Exercise aim: Copy verbatim the span of lines beginning at the line that contains "Authentic PRADA Vintage" and ending with the final line of the data. Exclude pictures from the copy.

(Listed entries Opens)

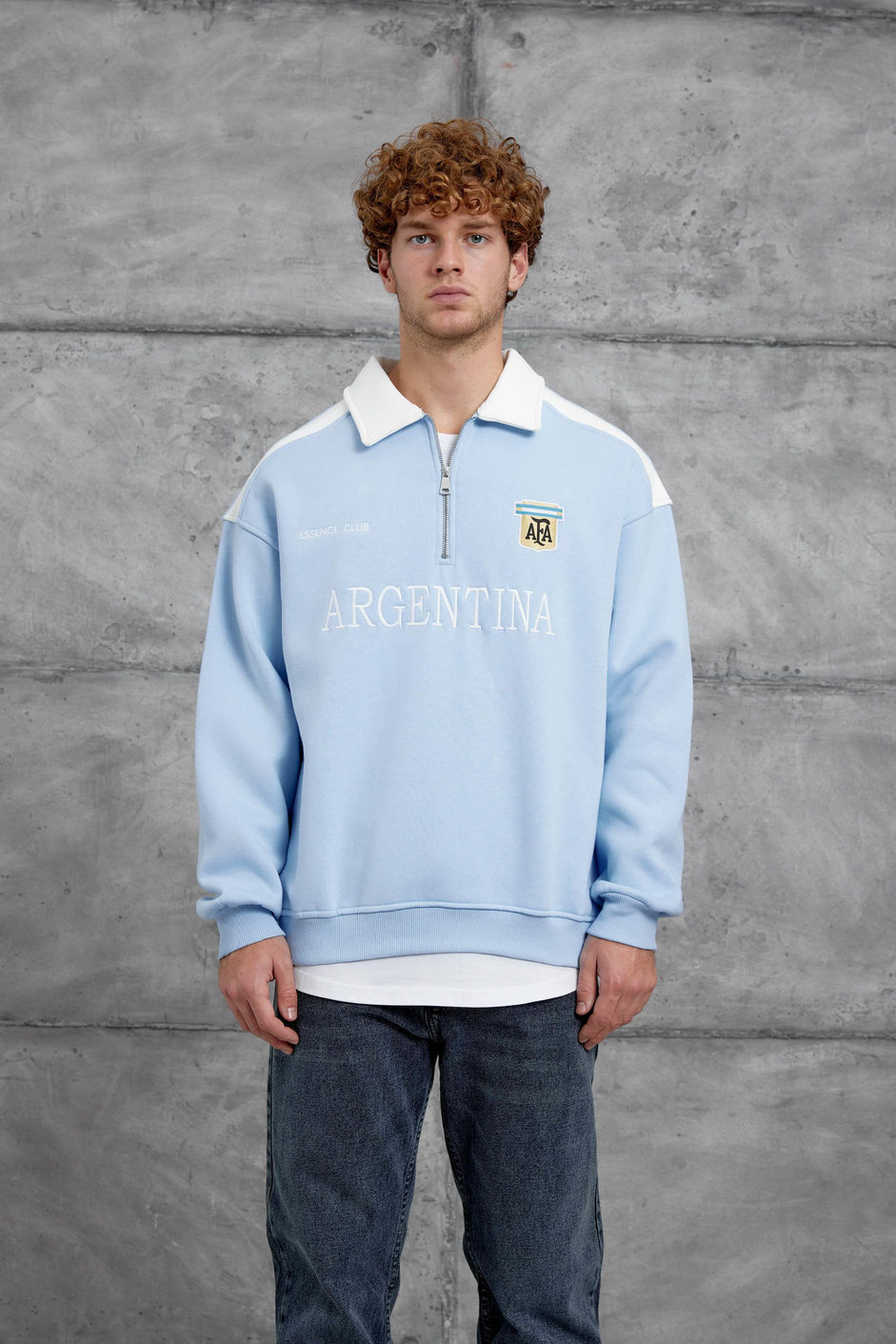 Mavi ARGENTİNE BASKILI YARIM FERMUARLI SWEATSHİRT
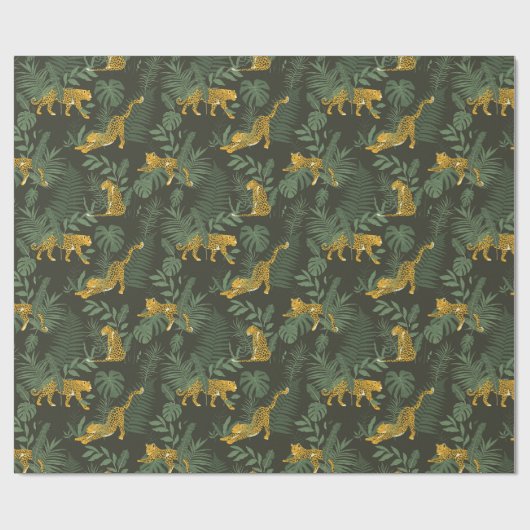 Groene Leopard Oerwoud Safari Wrapping Paper Roll Cadeaupapier (Vlak)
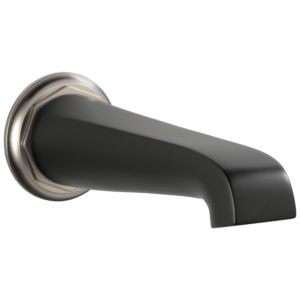 Brizo Rook®: Non-Diverter Tub Spout In Luxe Nickel / Matte Black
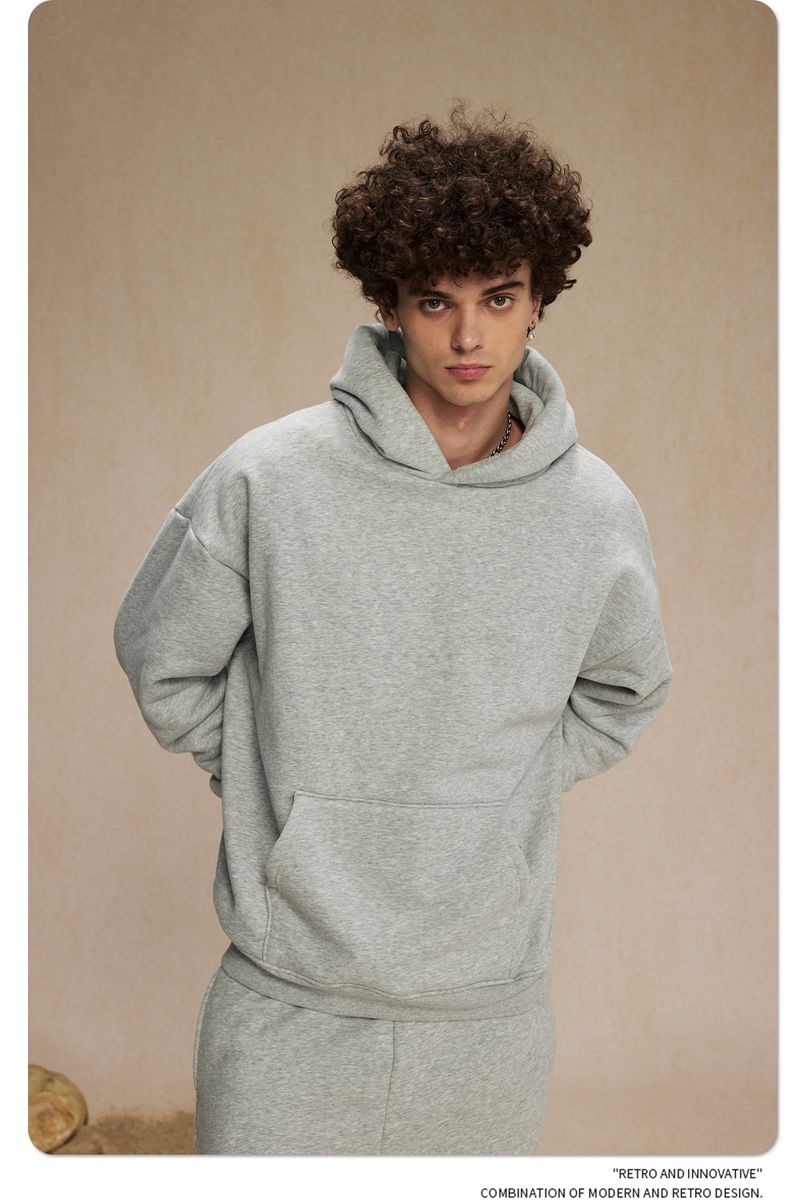 Felpa con cappuccio oversize da uomo in pile con tessuto anti-pilling da 400 g/m², felpa streetwear per l'inverno (disponibile in 12 colori)_voghion.com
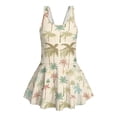 thumbnail image 1 of Xoenoiee Colorful Palm Tree Pattern Girls One Piece Swimsuits Sleeveless Swim Dress for Girls Hawaiian Skirted Bathing Suit Summer Swimwear, 3-4 Years, 1 of 7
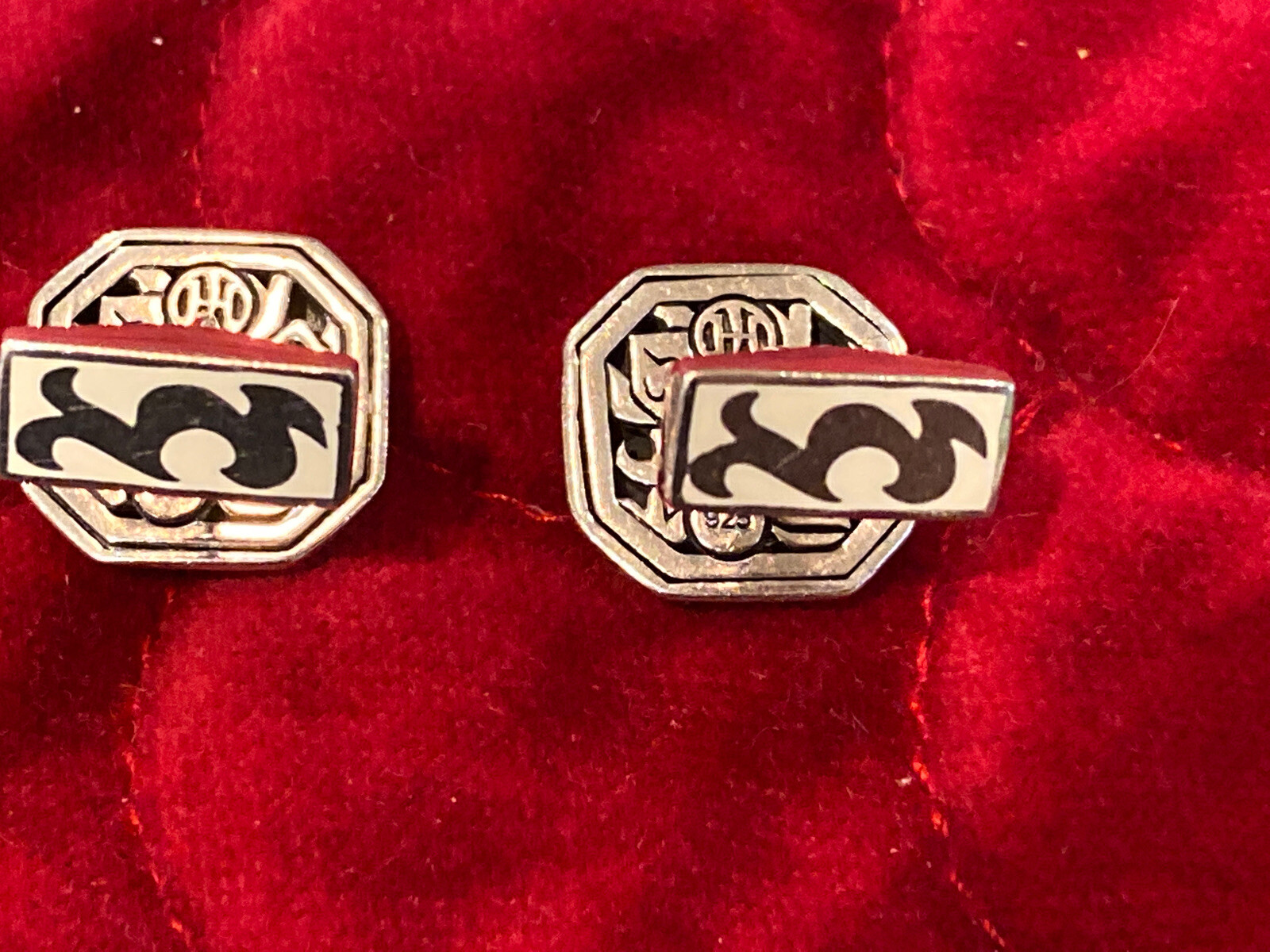 John Hardy Sterling DAYAK Cufflinks Enamel 925 RARE!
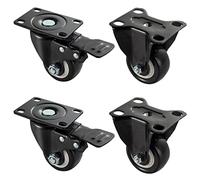 LOVEM 4 Roues pour Meubles Noir roues pour lourde charge 100KG par Roulette,Ø 38mm | Hauteur Totale: 60mm,Polyuréthane | Tôle D'acier Galvanisée | Double Roulement à Billes (38mm,2 frein+2 fixe)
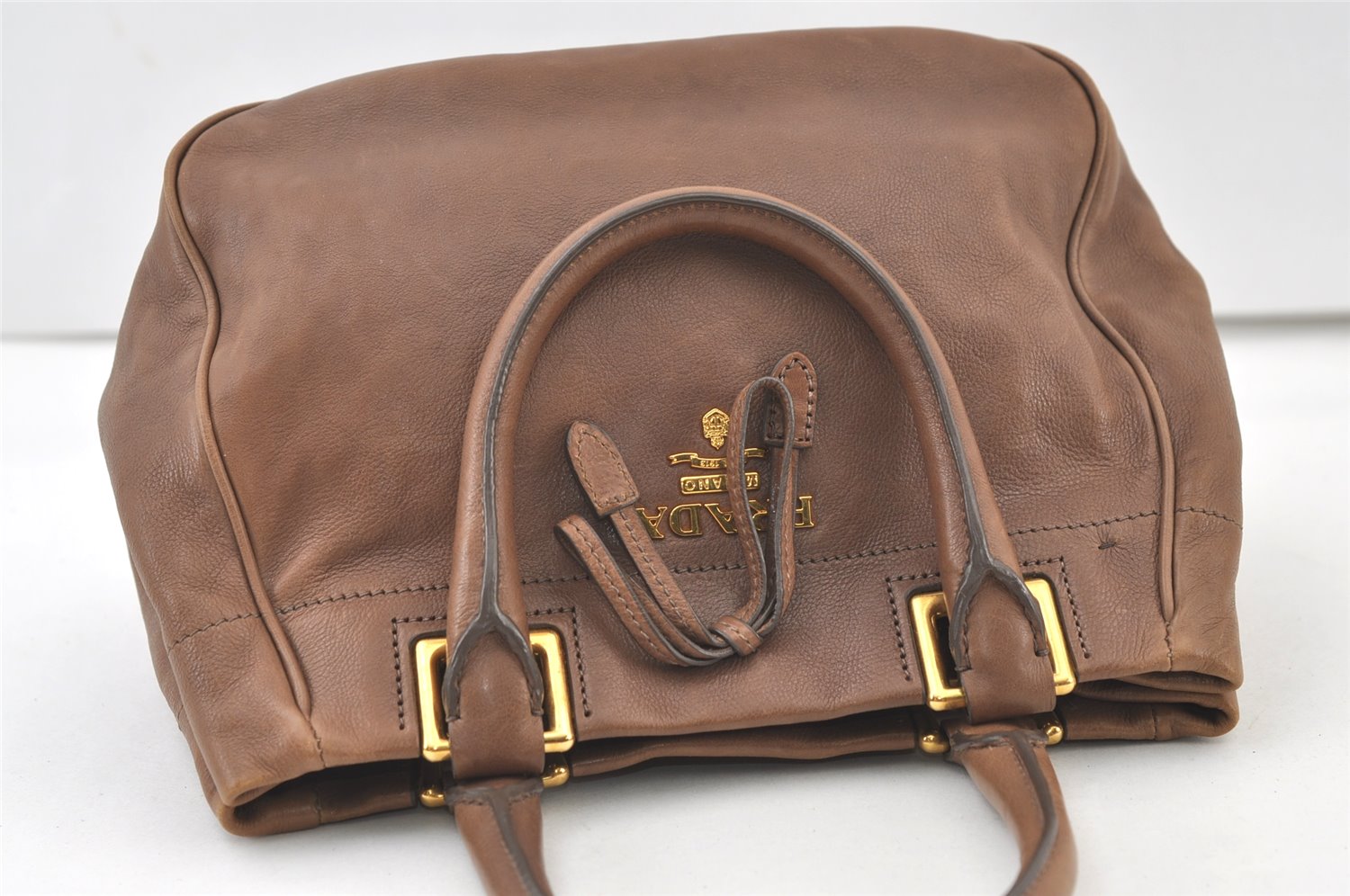 Authentic PRADA Vintage Leather 2Way Shoulder Hand Bag Purse Brown 9945J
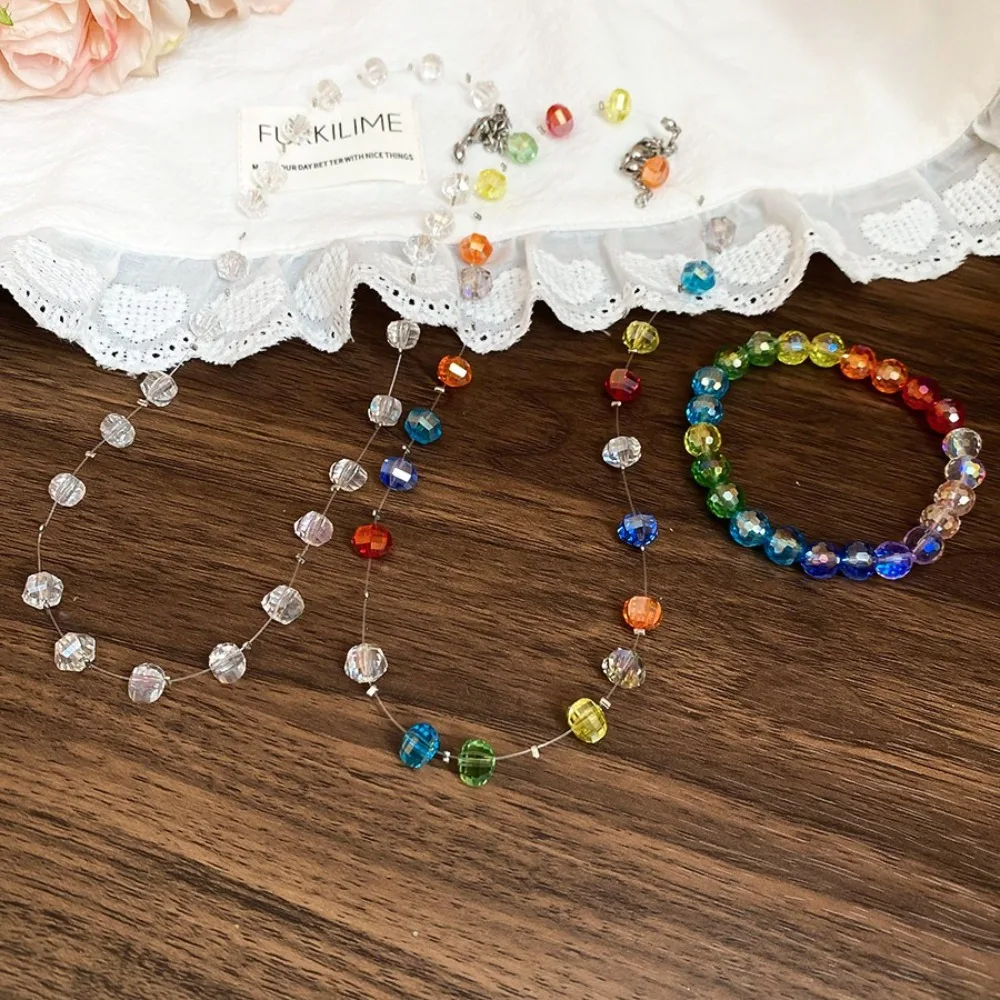 Collana di perle arcobaleno fresche Girocollo Corda a mano Collana colorata Gioielli Bracciale Collana da spiaggia Mare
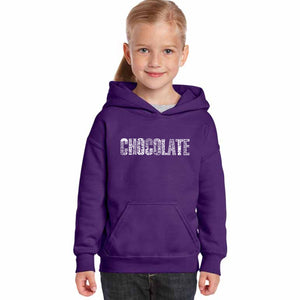 Different foods made with chocolate - Girl's Word Art Hooded Sweatshirt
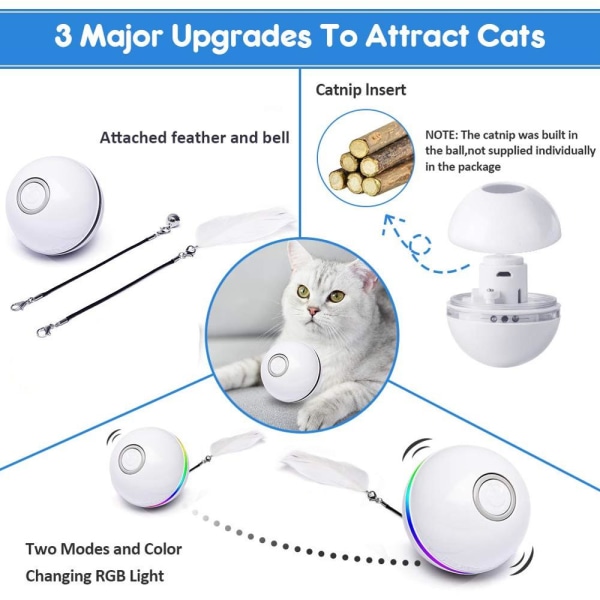 Automatisk Smart Cat Toy Ball Catnip USB-opladning Farverig LED blue 2.4inch(diameter)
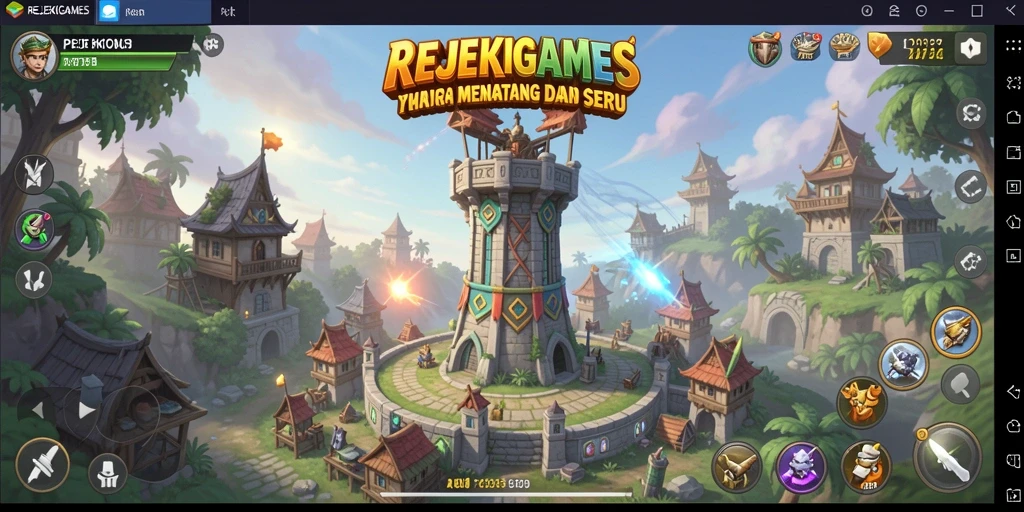 Tampilan gameplay menara yang dinamis dan menantang dari REJEKIGAMES.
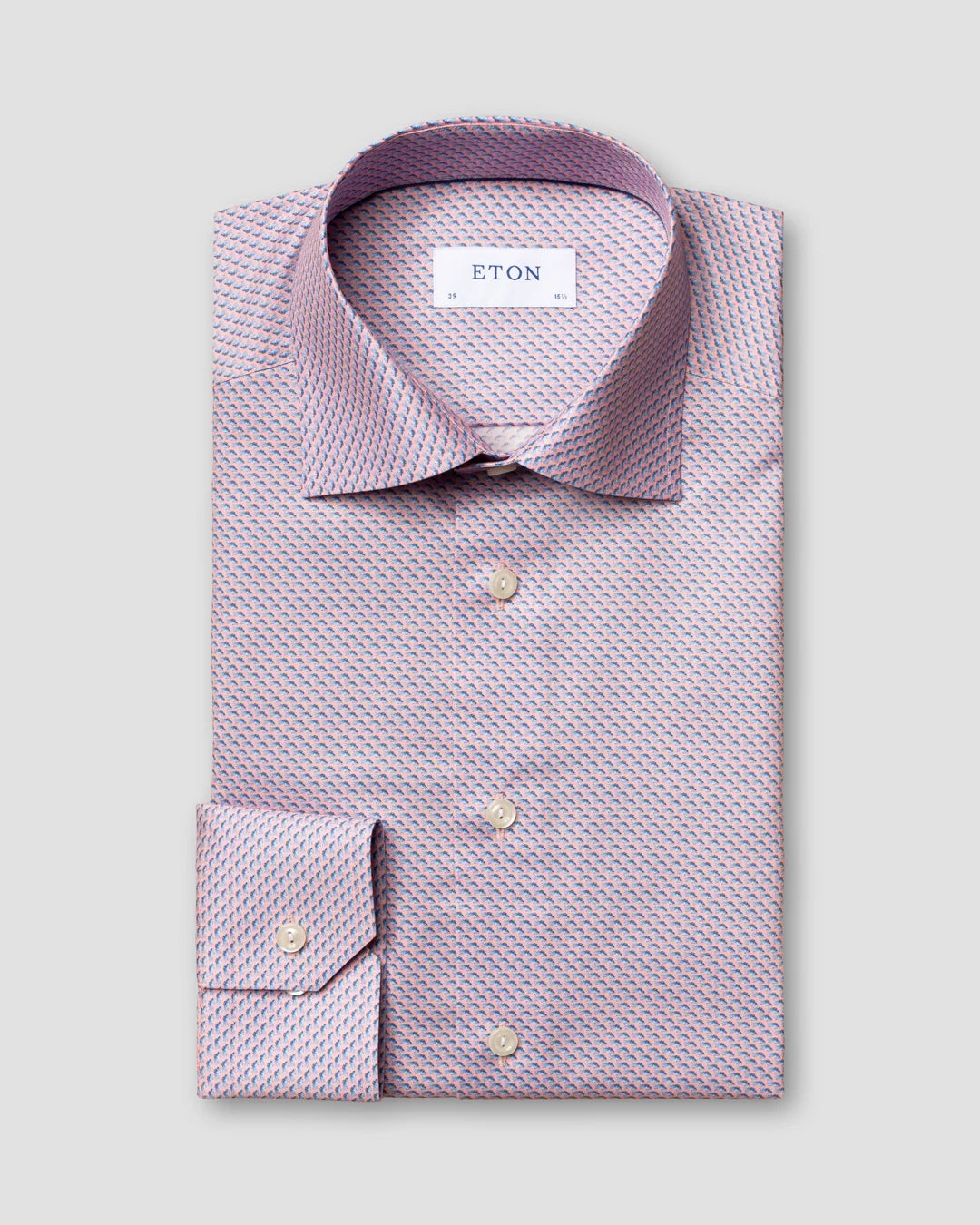 Pink Fish Print Shirt Eton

(Listed entries Closes)

Task response:
 Authentic PRADA Vintage Leather 2Way Shoulder Hand Bag Purse Brown 9945J
 Collana di perle arcobaleno fresche Girocollo Corda a mano Collana colorata Gioielli Bracciale Collana da spiaggia Mare
 Different foods made with chocolate - Girl's Word Art Hooded Sweatshirt
 Automatisk Smart Cat Toy Ball Catnip USB-opladning Farverig LED blue 2.4inch(diameter)
 Tampilan gameplay menara yang dinamis dan menantang dari REJEKIGAMES.
 Pink Fish Print Shirt Eton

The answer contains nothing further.